USNews.com is running articles on the bird flu and possible pandemic scenarios. The main article is here.
Those counting on the availability of vaccine may want to reconsider:
Under present circumstances, it will take at least six months from the start of a pandemic to get vaccine to the public. Global production is now approximately 900 million doses a year, enough for only about 15 percent of the world's population. Most of that is produced in Europe, and no one expects vaccine to be traveling across borders if things go bad. On March 17, the federal government asked vaccine companies to submit proposals to increase domestic production. The sole U.S.-based plant, in Swiftwater, Pa., can produce about 60 million doses per year. Many of the first doses produced would probably go to healthcare workers and emergency-service providers. "We have to get the message out loud and clear that vaccine will not save us," says Michael Osterholm, an infectious-disease specialist who heads the Center for Infectious Disease Research and Policy at the University of Minnesota. "We will have very little of it, and it will get here too late."
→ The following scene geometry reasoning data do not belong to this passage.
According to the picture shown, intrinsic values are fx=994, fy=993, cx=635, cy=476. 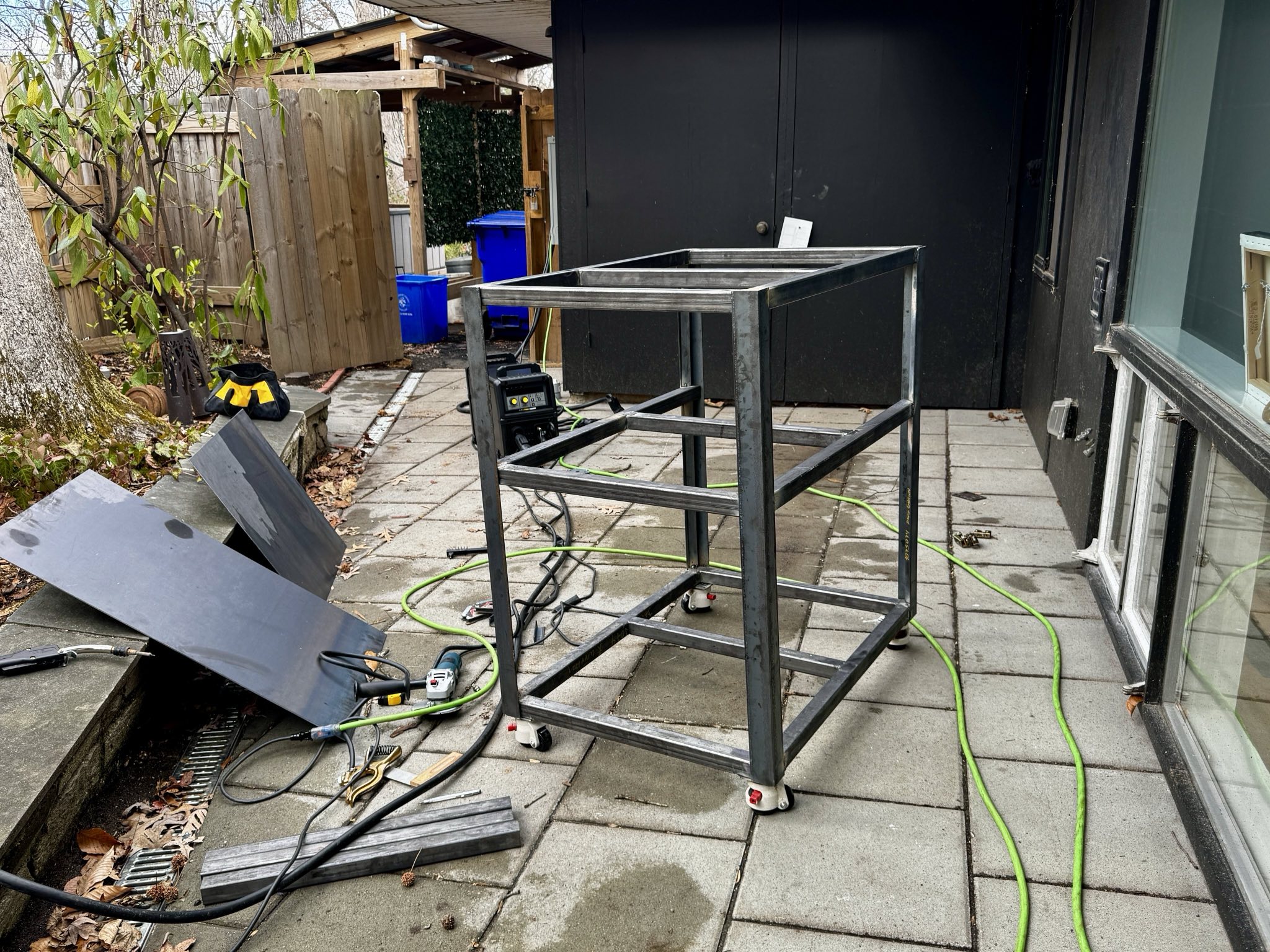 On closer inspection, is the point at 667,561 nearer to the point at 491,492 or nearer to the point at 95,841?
the point at 491,492

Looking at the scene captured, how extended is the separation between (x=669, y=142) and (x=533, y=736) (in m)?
4.49

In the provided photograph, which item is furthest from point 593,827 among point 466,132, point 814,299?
point 466,132

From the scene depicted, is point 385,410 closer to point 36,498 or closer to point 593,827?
point 36,498

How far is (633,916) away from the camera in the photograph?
1963mm

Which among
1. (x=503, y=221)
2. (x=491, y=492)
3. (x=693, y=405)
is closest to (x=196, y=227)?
(x=503, y=221)

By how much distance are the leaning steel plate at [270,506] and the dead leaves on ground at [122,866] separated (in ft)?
3.40

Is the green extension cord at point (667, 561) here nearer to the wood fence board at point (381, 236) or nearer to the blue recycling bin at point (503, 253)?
the wood fence board at point (381, 236)

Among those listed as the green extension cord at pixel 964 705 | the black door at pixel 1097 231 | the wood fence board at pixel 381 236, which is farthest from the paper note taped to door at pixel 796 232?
the wood fence board at pixel 381 236

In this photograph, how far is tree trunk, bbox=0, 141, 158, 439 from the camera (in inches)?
149

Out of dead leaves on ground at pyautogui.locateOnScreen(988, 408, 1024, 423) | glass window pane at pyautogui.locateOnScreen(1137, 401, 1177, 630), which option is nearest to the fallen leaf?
glass window pane at pyautogui.locateOnScreen(1137, 401, 1177, 630)

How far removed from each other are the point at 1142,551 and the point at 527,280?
6.49 feet

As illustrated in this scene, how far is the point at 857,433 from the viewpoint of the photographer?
2.56 meters

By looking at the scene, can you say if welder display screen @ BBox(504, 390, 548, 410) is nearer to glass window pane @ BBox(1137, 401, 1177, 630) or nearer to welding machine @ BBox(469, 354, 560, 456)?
welding machine @ BBox(469, 354, 560, 456)

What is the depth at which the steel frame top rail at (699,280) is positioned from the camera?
206 centimetres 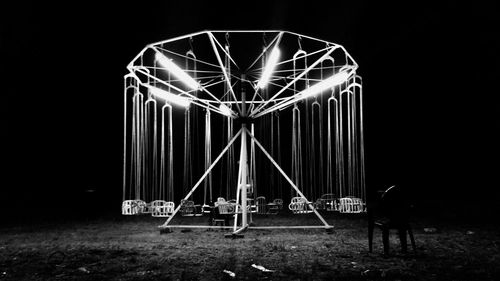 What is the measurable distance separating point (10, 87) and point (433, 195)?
18192 mm

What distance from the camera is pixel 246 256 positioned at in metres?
6.27

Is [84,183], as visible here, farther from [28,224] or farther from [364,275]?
[364,275]

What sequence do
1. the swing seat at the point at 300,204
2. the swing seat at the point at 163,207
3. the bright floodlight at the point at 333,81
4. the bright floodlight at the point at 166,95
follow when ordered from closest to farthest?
the bright floodlight at the point at 333,81 → the bright floodlight at the point at 166,95 → the swing seat at the point at 300,204 → the swing seat at the point at 163,207

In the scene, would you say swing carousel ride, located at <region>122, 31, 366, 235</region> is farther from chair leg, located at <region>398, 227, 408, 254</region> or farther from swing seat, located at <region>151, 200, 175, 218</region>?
chair leg, located at <region>398, 227, 408, 254</region>

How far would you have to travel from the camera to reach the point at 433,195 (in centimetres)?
1938

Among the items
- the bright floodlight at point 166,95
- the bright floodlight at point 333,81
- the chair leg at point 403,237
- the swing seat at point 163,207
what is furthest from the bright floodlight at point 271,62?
the swing seat at point 163,207

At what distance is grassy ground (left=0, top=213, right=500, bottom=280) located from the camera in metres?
5.05

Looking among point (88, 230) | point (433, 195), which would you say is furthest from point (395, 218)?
point (433, 195)

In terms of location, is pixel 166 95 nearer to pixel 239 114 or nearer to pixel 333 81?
pixel 239 114

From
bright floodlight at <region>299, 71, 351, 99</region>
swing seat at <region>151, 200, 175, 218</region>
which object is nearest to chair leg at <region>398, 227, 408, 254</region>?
bright floodlight at <region>299, 71, 351, 99</region>

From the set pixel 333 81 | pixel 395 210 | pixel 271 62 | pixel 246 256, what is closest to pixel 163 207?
pixel 246 256

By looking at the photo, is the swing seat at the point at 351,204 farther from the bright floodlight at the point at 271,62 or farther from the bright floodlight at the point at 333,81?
the bright floodlight at the point at 271,62

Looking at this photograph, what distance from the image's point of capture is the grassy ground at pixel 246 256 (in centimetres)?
505

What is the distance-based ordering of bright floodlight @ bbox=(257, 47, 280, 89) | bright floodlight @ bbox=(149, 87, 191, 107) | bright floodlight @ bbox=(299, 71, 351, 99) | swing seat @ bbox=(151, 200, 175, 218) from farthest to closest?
swing seat @ bbox=(151, 200, 175, 218) < bright floodlight @ bbox=(149, 87, 191, 107) < bright floodlight @ bbox=(299, 71, 351, 99) < bright floodlight @ bbox=(257, 47, 280, 89) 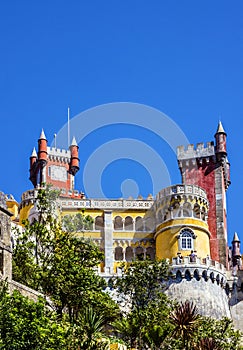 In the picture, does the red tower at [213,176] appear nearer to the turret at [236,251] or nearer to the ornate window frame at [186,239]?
the ornate window frame at [186,239]

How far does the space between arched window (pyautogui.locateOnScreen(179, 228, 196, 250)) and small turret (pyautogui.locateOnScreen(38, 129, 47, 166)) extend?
2920cm

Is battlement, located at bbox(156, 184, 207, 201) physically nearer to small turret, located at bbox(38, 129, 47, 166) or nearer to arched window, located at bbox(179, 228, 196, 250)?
arched window, located at bbox(179, 228, 196, 250)

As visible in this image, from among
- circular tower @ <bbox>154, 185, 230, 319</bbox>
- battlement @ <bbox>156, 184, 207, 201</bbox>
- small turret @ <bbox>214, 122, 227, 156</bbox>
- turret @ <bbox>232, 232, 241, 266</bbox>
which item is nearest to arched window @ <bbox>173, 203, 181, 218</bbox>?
circular tower @ <bbox>154, 185, 230, 319</bbox>

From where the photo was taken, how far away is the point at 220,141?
101 meters

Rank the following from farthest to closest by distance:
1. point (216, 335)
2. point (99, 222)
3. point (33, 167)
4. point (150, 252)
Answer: point (33, 167) < point (99, 222) < point (150, 252) < point (216, 335)

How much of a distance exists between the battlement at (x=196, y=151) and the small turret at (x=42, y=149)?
62.7 ft

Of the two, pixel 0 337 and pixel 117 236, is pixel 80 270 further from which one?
pixel 117 236

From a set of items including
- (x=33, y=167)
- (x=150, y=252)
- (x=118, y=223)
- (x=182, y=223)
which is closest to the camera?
(x=182, y=223)

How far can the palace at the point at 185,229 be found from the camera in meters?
86.0

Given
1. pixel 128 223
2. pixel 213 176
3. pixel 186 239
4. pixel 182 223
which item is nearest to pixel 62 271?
pixel 186 239

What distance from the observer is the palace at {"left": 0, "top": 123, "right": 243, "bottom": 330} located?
3386 inches

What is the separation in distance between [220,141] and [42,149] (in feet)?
77.6

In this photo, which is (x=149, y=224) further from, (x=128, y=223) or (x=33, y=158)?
(x=33, y=158)

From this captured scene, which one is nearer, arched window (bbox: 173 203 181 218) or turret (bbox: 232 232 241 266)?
arched window (bbox: 173 203 181 218) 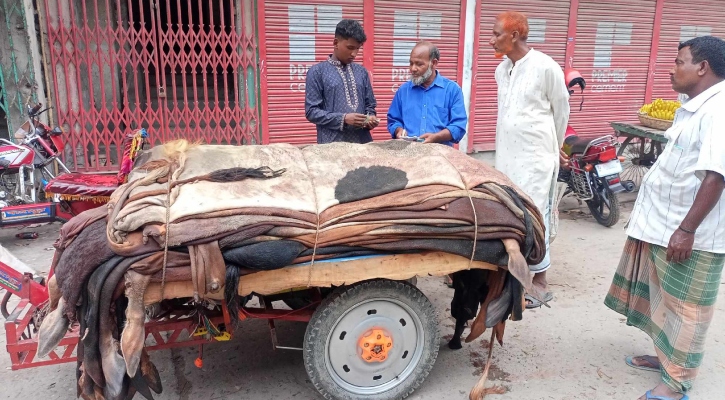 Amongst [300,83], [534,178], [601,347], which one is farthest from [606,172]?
[300,83]

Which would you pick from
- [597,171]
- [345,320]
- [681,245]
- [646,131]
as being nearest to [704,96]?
[681,245]

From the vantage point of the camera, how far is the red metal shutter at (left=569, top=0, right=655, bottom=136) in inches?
323

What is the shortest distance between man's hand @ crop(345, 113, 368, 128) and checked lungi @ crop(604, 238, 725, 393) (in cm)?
180

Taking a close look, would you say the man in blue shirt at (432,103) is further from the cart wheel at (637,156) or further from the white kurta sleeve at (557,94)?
the cart wheel at (637,156)

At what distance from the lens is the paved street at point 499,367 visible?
9.53 feet

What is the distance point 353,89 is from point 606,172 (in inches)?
127

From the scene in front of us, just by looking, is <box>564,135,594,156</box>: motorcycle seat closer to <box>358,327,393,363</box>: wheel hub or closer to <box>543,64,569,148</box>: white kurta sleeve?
<box>543,64,569,148</box>: white kurta sleeve

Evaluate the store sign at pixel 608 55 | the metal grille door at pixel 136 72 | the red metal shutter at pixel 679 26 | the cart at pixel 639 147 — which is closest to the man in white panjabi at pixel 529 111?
the cart at pixel 639 147

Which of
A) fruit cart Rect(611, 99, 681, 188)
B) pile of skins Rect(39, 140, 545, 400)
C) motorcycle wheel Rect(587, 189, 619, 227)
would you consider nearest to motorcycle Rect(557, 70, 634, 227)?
motorcycle wheel Rect(587, 189, 619, 227)

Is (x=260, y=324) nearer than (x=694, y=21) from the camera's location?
Yes

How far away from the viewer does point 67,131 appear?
19.3 feet

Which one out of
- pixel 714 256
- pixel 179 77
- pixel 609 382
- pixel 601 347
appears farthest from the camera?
pixel 179 77

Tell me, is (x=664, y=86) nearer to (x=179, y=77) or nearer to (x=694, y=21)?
(x=694, y=21)

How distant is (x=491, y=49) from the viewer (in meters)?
7.62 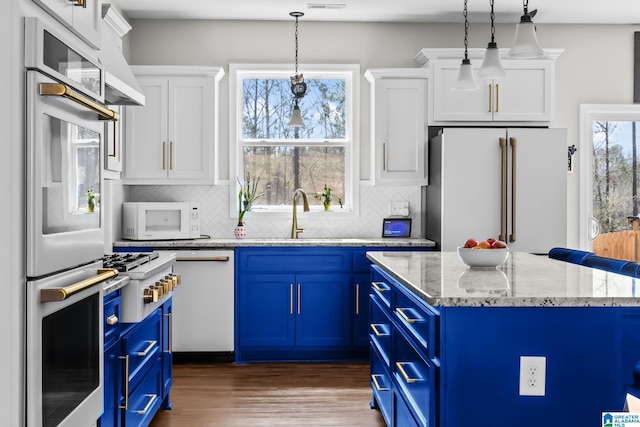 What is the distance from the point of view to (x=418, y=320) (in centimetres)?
230

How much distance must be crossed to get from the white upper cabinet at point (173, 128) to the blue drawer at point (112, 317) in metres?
2.41

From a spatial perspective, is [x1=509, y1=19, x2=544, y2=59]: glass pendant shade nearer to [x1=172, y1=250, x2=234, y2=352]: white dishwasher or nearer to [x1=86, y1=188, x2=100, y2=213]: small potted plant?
[x1=86, y1=188, x2=100, y2=213]: small potted plant

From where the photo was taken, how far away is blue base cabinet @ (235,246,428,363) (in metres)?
4.72

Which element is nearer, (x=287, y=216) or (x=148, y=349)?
(x=148, y=349)

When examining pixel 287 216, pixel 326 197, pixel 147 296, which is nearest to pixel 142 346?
pixel 147 296

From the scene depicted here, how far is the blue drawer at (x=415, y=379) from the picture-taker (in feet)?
6.79

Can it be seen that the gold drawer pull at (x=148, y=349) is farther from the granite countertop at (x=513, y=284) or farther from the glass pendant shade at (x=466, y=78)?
the glass pendant shade at (x=466, y=78)

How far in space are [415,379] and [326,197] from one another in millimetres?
3126

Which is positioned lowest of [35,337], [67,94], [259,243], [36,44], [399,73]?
[35,337]

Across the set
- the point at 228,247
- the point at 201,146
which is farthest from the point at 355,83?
the point at 228,247

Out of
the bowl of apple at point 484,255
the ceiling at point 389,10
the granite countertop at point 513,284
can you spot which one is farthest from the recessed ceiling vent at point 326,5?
the bowl of apple at point 484,255

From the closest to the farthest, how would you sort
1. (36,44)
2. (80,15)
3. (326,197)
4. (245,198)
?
(36,44) → (80,15) → (245,198) → (326,197)

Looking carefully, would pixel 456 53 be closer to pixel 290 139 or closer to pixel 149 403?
pixel 290 139

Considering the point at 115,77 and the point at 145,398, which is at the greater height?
the point at 115,77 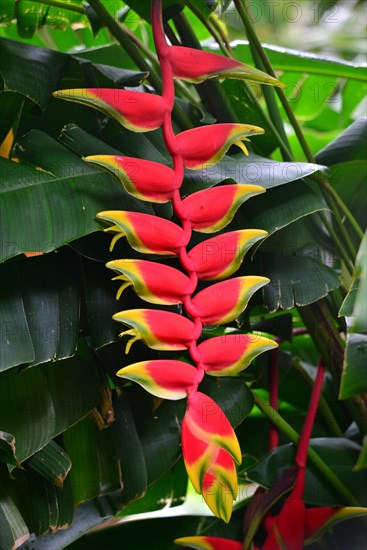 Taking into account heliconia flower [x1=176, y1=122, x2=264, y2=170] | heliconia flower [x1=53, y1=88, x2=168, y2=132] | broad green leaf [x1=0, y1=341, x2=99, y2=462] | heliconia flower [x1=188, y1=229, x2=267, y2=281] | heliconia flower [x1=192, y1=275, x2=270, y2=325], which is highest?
heliconia flower [x1=53, y1=88, x2=168, y2=132]

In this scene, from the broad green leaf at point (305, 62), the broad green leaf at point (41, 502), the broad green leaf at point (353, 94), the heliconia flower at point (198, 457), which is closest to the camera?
the heliconia flower at point (198, 457)

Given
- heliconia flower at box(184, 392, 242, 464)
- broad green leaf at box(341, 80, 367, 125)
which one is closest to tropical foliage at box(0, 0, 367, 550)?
heliconia flower at box(184, 392, 242, 464)

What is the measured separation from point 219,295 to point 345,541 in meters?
A: 0.39

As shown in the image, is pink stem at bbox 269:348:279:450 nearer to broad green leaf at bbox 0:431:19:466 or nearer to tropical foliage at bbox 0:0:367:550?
tropical foliage at bbox 0:0:367:550

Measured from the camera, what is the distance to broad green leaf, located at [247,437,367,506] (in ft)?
1.90

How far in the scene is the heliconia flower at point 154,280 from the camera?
345 mm

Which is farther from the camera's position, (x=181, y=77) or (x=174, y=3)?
(x=174, y=3)

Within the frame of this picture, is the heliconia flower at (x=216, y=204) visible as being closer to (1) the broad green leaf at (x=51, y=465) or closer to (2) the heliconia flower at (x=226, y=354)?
(2) the heliconia flower at (x=226, y=354)

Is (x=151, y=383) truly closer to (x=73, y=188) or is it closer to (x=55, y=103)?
(x=73, y=188)

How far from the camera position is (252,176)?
1.57 ft

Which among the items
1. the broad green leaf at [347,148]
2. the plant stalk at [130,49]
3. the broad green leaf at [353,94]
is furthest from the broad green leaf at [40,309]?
the broad green leaf at [353,94]

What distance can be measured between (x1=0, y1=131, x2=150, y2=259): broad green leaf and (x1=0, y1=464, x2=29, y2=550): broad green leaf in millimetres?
207

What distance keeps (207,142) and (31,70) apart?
9.3 inches

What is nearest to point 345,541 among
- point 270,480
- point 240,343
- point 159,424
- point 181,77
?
point 270,480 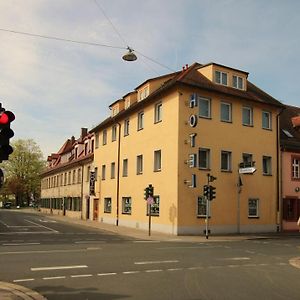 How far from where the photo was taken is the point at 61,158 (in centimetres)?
7194

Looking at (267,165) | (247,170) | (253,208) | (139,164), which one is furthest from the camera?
(139,164)

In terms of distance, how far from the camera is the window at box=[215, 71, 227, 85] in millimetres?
32094

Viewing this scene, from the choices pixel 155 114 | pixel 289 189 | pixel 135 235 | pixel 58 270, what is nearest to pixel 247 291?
pixel 58 270

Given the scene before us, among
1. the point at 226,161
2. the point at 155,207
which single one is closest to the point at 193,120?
the point at 226,161

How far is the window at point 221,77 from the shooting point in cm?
3209

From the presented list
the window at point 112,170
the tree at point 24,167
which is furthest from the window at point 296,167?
the tree at point 24,167

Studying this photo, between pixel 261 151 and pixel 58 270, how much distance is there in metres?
23.3

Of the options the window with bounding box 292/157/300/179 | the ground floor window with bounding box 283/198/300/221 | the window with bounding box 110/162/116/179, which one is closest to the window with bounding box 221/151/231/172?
the ground floor window with bounding box 283/198/300/221

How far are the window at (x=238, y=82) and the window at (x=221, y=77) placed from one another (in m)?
0.85

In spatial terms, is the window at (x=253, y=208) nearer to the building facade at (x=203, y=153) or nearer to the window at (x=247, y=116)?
the building facade at (x=203, y=153)

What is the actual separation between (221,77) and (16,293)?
84.0 ft

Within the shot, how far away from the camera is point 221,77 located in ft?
106

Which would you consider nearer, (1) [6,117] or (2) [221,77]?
(1) [6,117]

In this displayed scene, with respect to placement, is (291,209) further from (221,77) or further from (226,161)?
(221,77) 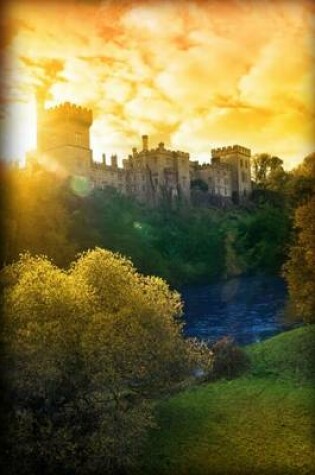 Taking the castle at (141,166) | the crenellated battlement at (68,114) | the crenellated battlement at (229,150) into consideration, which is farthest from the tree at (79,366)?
the crenellated battlement at (229,150)

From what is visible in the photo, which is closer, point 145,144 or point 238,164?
point 145,144

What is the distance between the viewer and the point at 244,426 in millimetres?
10984

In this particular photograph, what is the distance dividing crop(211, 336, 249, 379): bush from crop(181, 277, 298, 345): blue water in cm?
359

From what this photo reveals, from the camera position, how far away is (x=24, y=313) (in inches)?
375

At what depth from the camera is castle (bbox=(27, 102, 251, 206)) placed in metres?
38.1

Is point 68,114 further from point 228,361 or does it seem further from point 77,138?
point 228,361

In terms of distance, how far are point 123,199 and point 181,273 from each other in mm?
6338

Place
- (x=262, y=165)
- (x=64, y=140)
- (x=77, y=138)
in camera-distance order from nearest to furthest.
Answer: (x=64, y=140) → (x=77, y=138) → (x=262, y=165)

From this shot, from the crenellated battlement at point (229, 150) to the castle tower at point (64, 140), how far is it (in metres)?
16.7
And then there's the potential economic consequences:
Although the 2003 SARS outbreak is estimated to have cost the global economy at least $30 billion, most businesses have yet to consider the cost of a flu pandemic, both in terms of employee absenteeism and disruptions of the global economy. The CDC estimates the economic impact of a pandemic in the United States at between $71 billion and $167 billion, but those numbers don't include disruptions to commerce and society. "We've never suffered an event of such magnitude that it shuts down the global economy," says infectious-disease specialist Osterholm. "In 1918 we were much more self-sufficient."